Hmmm.....walking carefully here....
To build a military that works you also need a threat - I'd suggest that there are a number of issues out of the 1980s - 2000s that highlight how a lack of focus made for an ADF that was average in most areas and poor in the rest - an almost jack of all trades, master of none. We have learnt that doesn't work, and is likely to work less against a future concept of war that is more likely to see peer-peer combat than over the past few decades.
So, to make a viable force that can fight in some conditions you need that threat. And it just so happens that there are options now that are much more realistic than over the past 30 years. But....the problem with highlighting a threat to build against is you have to define how you fight it. And that's where we hit a problem. In a war between China and Australia only, it is more likely than not we lose (depending on scope and location).

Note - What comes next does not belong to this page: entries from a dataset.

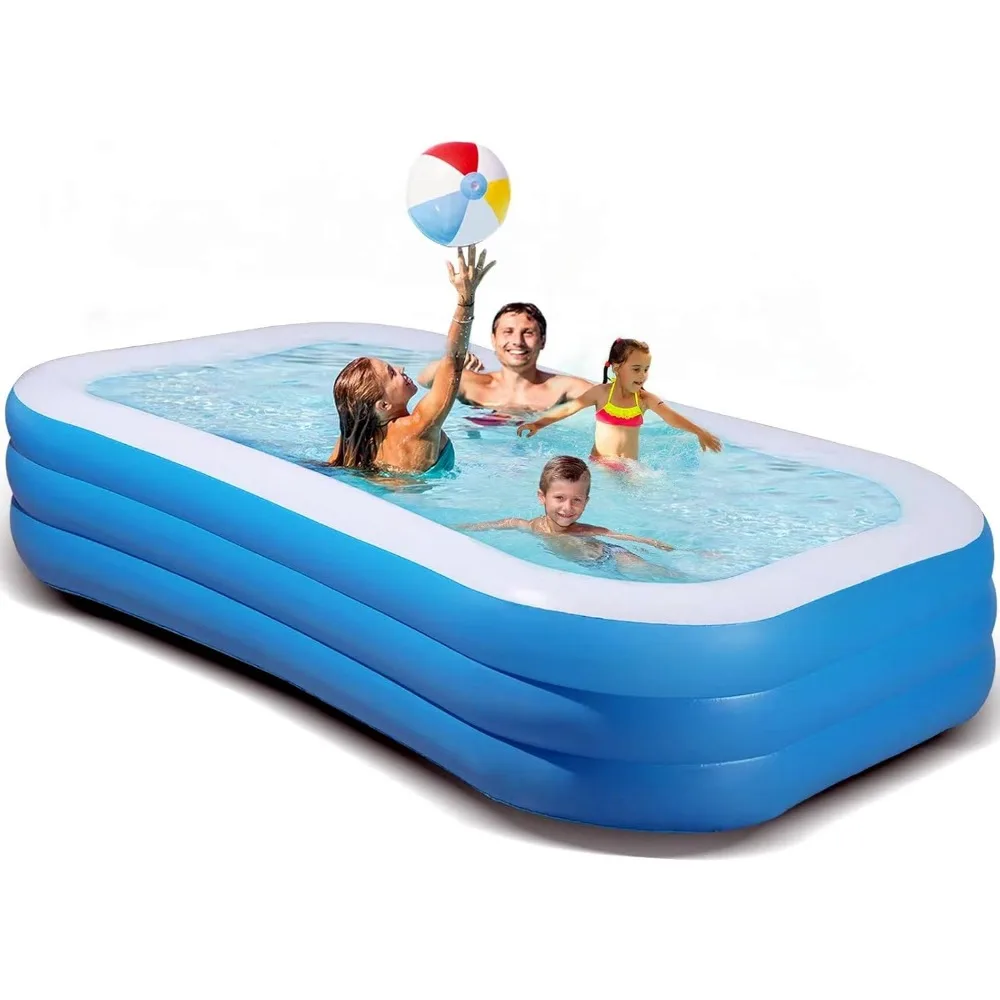

Inflatable Swimming Pool, Blow up Pools, Above Ground Swimming Pool for Family, 103 x 69 x 24 inch Full-Sized Inflatable Pool fo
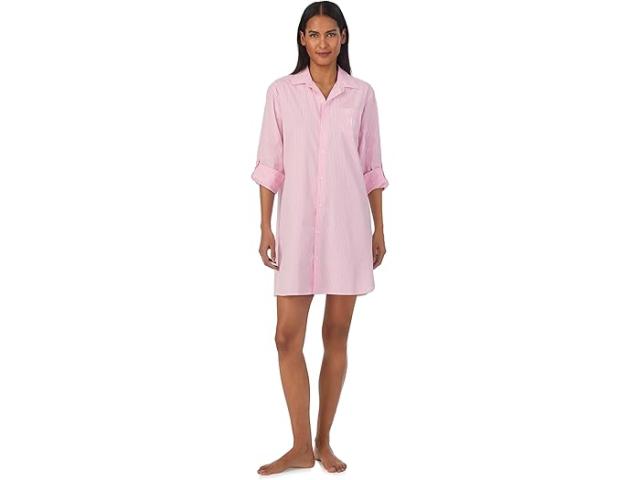 (取寄) ローレン ラルフローレン レディース ロング スリーブ ロール タブ ヒズ シャツ スリープシャツ Lauren Ralph Lauren women Long Sleeve Roll Tab His Shirt Sleepshirt Pink Stripe
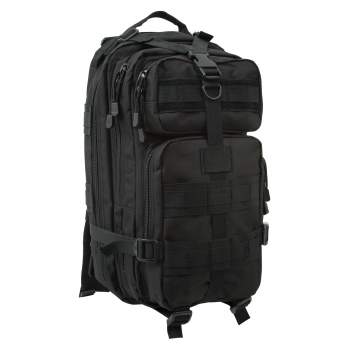 MOLLE Hydration Bladder Compatible Water Repellent Nine Line Medium Transport Backpack Black Tactical Travel Bag Padded Backing 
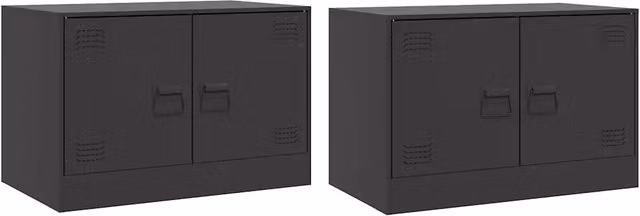 Set di 2 mobili porta TV moderni DESIGN IN in acciaio nero opaco, L 67 cm x P 39 cm x H 44 cm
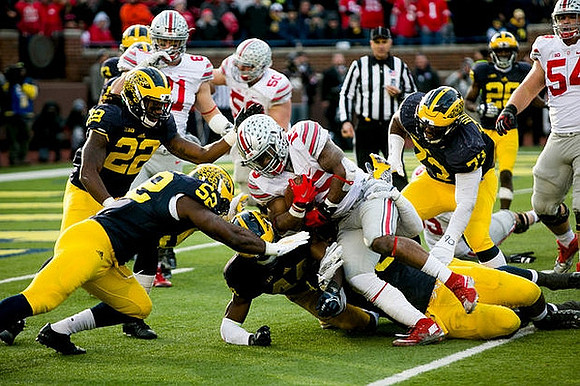 Jarrod Wilson (22), Royce Jenkins-Stone (52), Delano Hill (44), Maurice Hurst (73), and Jourdan Lewis (26)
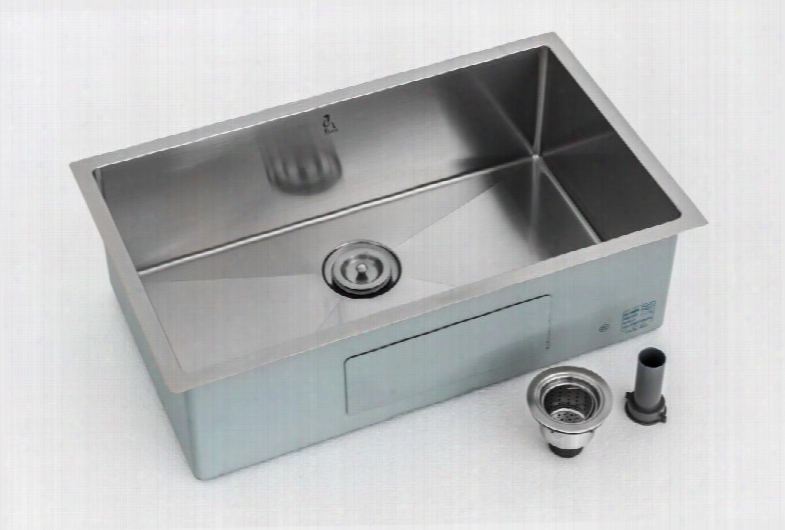 Hs3018 All-in-one 10-radius Undermount Stainless Steel 3" 0-hole 50/50 Single Bowl Kitchen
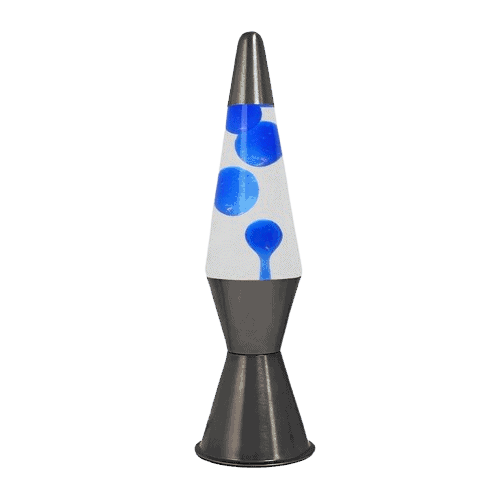Lampe laveur de liquide coloré avec bulles bleues, design moderne et décoratif pour intérieur.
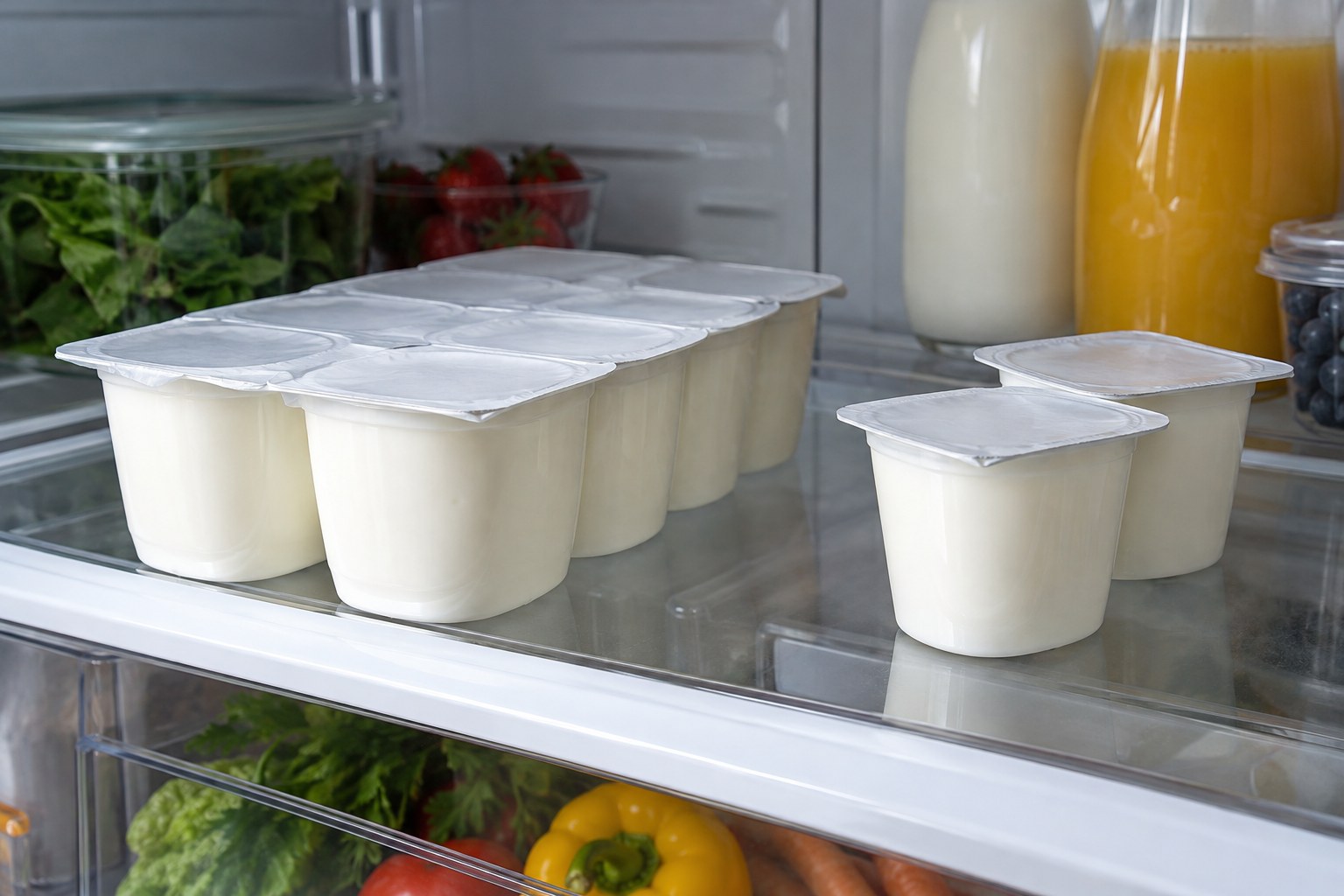 Large multipack of plain yogurt cups beside two individual cups inside refrigerator.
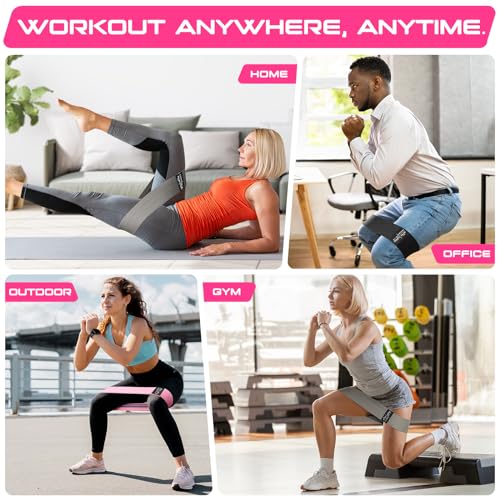 Fabric Resistance Bands for Working Out - Exercise Bands for Women and Men, Booty Bands for Legs and Butt, Yoga, Pilates, Rehab, Fitness and Home Workout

The only way to win that war is to not fight it.
Enter deterrence.
Deterrence is a great idea. You can avoid the costly war just by scaring them. Except for one tiny, itty bitty issue - it's going to cost a lot. You either need nukes or overwhelming conventional mass. A classic case lies in the Royal Navy at the turn of the 20th century. It was felt that having a large Royal Navy would prevent war with Germany, France, Austro-Hungary, Russia or America. Except....that mass wasn't large enough to stop 1914. Likewise, Iran and North Korea have reasonable protection from the US thanks to their nukes - just like the Soviet Union was never struck in the 1960s or 70s to disrupt trade with North Vietnam - nukes provide deterrence.

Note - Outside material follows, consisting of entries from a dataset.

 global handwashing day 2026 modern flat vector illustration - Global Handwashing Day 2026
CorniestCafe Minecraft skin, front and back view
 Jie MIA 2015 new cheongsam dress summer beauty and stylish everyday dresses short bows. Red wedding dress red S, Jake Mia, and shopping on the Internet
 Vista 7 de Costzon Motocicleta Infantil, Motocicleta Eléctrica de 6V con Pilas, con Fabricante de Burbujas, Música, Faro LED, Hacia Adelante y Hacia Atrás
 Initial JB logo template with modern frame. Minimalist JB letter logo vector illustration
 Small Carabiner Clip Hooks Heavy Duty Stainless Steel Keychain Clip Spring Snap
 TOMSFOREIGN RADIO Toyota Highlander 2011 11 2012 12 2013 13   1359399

Taking each option highlights that neither is feasible for Australia. Both also provide additional risks - especially with our neighbours between us and China. The reality is we can't do it. Enter Big Brother - either Britain (until 1943) or the US (from 1943). In the latter's case there is the ambiguity of their nuclear umbrella that helps.
So, what about the latest work? Well, I'd suggest it is the result of an interesting conundrum between shifting the force to include a specific red focus and the fact we are too small to actually do it. We can infer it though.
But....
There is a partial deterrence capability. Our geography provides all the deterrence we could want - no-one is invading us anytime soon. But (and here is the problem with White's traditional thinking) the air/sea gap is also irrelevant. Australia's interests extend beyond that. Having a strong, capable ADF that can go toe-to-toe with China, at least initially, means that Indonesia, Malaysia, Singapore, Thailand and Vietnam now have additional, capable force to back them. Fiji, Tonga, Vanuatu and the other Pacific Islands have a counter-balance that can help them. Australia may not always be the most popular country with them - but they know we will seek to keep them free of malign influence. Adding this together makes some deterrence possible.
20 years ago, the chances of a modern ADF 3-star JTF rapidly reinforcing Malaysia with modern weapons would have been a joke. Now? Almost. 2025-2030? Yes. And with enough teeth to make any nation moving south bleed hard. Now - we may end up losing that JTF. But the political cost to a nation that did that, the risk of bringing in the Americans or Brit's, and the sheer cost in casualties - that all will have some deterrence effect.